**WHAT IS NEEDED:** Before you return the entries below, strip out the pictures and keep all else exact.

**DATA EXTRACT:**
***
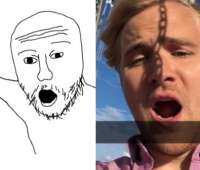 395x337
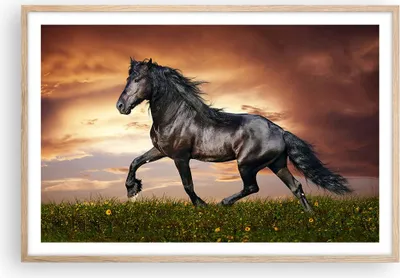 Produktbild von Gerahmtes Poster - Rahmen in heller Eiche - Pferd Tier Wiese - 91,5x61 cm - Wand Bild - Wanddeko - Wandbilder - Kunstposter - Wandposter - Bilderrahmen - Bilder - Kunstdruck - Wandbild P2NAA91x61-2608
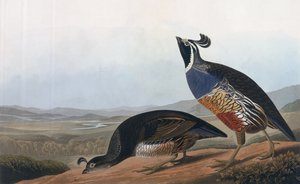 Californian Partridge, fra "Birds of America", graveret af Robert Havell (1793-1878) 1838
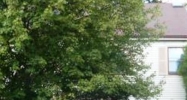 66 North Aberdeen Drive Mendham, NJ 07945 - Image 4306498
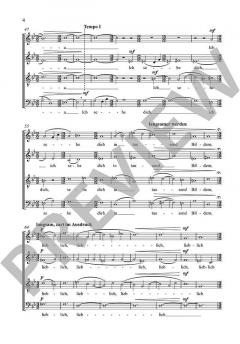 Ich sehe dich in tausend Bildern von Peter Paul Förster (Download)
***
**SOLUTION FOR THIS EXERCISE:**
 395x337
 Produktbild von Gerahmtes Poster - Rahmen in heller Eiche - Pferd Tier Wiese - 91,5x61 cm - Wand Bild - Wanddeko - Wandbilder - Kunstposter - Wandposter - Bilderrahmen - Bilder - Kunstdruck - Wandbild P2NAA91x61-2608
 Californian Partridge, fra "Birds of America", graveret af Robert Havell (1793-1878) 1838
 66 North Aberdeen Drive Mendham, NJ 07945 - Image 4306498
 Ich sehe dich in tausend Bildern von Peter Paul Förster (Download)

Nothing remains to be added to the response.